§ **Task details**:
Take the entries that follow and return exactly the lines from the one holding "3 Peppers Painting by Barbara Lemley" through the one holding "Modern bathroom vanity", both included. Nothing else is needed.

*** Opening of Data for this exercise ***

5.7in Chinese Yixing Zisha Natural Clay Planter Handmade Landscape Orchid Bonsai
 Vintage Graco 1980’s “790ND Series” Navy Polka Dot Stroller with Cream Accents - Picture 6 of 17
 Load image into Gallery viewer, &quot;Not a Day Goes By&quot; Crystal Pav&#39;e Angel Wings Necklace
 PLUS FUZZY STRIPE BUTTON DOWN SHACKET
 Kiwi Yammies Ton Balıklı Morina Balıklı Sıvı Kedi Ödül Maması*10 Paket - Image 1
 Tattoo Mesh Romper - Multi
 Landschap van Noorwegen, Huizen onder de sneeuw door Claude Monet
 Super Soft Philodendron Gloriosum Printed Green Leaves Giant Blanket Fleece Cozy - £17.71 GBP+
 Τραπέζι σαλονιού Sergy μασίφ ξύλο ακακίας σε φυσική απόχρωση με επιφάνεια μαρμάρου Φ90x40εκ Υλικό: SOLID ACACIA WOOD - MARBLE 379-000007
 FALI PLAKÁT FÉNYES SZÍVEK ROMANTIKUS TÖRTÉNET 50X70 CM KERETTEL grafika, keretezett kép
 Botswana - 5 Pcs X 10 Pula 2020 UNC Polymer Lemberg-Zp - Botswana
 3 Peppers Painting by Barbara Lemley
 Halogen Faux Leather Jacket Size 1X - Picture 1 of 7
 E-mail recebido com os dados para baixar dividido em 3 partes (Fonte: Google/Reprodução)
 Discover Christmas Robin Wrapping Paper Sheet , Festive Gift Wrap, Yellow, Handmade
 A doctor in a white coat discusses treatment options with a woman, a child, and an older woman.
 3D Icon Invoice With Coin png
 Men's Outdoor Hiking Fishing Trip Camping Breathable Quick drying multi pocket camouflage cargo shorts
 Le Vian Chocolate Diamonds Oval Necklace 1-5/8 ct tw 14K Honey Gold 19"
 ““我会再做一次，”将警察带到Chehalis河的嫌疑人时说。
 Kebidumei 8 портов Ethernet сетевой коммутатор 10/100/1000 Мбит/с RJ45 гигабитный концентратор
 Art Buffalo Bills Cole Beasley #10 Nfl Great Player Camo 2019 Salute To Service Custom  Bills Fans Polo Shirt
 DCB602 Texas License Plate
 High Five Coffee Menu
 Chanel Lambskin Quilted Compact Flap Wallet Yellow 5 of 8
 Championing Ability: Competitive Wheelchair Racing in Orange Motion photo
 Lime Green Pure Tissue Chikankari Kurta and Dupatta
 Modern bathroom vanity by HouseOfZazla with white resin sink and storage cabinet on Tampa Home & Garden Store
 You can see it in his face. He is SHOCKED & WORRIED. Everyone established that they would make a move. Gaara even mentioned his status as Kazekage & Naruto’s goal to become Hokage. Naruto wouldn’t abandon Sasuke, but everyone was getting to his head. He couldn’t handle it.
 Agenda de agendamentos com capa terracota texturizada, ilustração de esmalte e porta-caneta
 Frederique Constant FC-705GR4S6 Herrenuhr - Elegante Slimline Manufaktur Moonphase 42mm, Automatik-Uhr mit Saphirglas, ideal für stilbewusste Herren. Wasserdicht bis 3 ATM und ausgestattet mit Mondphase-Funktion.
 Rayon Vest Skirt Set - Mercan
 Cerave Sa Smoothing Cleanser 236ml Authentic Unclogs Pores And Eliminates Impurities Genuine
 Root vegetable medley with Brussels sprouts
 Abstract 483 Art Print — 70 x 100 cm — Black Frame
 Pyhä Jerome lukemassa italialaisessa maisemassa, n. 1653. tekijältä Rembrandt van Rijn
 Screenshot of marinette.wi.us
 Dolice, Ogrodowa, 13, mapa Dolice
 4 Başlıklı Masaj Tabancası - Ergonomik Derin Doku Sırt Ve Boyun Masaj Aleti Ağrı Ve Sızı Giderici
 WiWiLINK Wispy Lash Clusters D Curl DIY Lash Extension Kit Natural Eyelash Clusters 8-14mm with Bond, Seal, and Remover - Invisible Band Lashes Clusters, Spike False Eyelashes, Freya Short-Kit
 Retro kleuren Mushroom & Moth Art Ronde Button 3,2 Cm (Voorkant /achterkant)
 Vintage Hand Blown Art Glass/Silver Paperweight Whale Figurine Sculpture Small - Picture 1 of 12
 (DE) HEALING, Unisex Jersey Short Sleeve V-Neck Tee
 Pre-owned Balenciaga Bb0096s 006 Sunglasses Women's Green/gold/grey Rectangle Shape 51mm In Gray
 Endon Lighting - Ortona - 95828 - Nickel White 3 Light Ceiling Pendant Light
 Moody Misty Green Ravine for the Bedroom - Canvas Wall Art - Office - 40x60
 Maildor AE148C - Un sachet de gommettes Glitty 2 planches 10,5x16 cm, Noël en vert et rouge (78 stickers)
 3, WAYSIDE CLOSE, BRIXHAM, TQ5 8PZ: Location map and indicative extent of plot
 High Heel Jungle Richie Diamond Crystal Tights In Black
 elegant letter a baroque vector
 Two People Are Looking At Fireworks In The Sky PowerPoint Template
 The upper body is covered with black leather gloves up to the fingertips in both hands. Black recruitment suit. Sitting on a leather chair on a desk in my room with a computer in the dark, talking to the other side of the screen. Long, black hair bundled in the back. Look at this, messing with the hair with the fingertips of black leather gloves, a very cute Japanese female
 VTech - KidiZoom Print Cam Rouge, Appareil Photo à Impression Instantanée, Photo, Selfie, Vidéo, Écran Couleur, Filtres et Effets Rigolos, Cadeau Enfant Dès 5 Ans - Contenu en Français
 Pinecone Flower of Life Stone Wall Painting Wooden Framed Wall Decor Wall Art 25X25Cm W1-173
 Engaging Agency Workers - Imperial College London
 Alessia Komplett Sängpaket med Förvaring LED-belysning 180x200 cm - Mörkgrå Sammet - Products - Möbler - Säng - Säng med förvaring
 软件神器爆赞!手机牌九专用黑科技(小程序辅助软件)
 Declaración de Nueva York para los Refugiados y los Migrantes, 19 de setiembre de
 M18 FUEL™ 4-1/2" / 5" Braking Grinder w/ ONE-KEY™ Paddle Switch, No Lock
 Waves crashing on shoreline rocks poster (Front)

*** Close of Data for this exercise ***

§ **Answer**:
 3 Peppers Painting by Barbara Lemley
 Halogen Faux Leather Jacket Size 1X - Picture 1 of 7
 E-mail recebido com os dados para baixar dividido em 3 partes (Fonte: Google/Reprodução)
 Discover Christmas Robin Wrapping Paper Sheet , Festive Gift Wrap, Yellow, Handmade
 A doctor in a white coat discusses treatment options with a woman, a child, and an older woman.
 3D Icon Invoice With Coin png
 Men's Outdoor Hiking Fishing Trip Camping Breathable Quick drying multi pocket camouflage cargo shorts
 Le Vian Chocolate Diamonds Oval Necklace 1-5/8 ct tw 14K Honey Gold 19"
 ““我会再做一次，”将警察带到Chehalis河的嫌疑人时说。
 Kebidumei 8 портов Ethernet сетевой коммутатор 10/100/1000 Мбит/с RJ45 гигабитный концентратор
 Art Buffalo Bills Cole Beasley #10 Nfl Great Player Camo 2019 Salute To Service Custom  Bills Fans Polo Shirt
 DCB602 Texas License Plate
 High Five Coffee Menu
 Chanel Lambskin Quilted Compact Flap Wallet Yellow 5 of 8
 Championing Ability: Competitive Wheelchair Racing in Orange Motion photo
 Lime Green Pure Tissue Chikankari Kurta and Dupatta
 Modern bathroom vanity by HouseOfZazla with white resin sink and storage cabinet on Tampa Home & Garden Store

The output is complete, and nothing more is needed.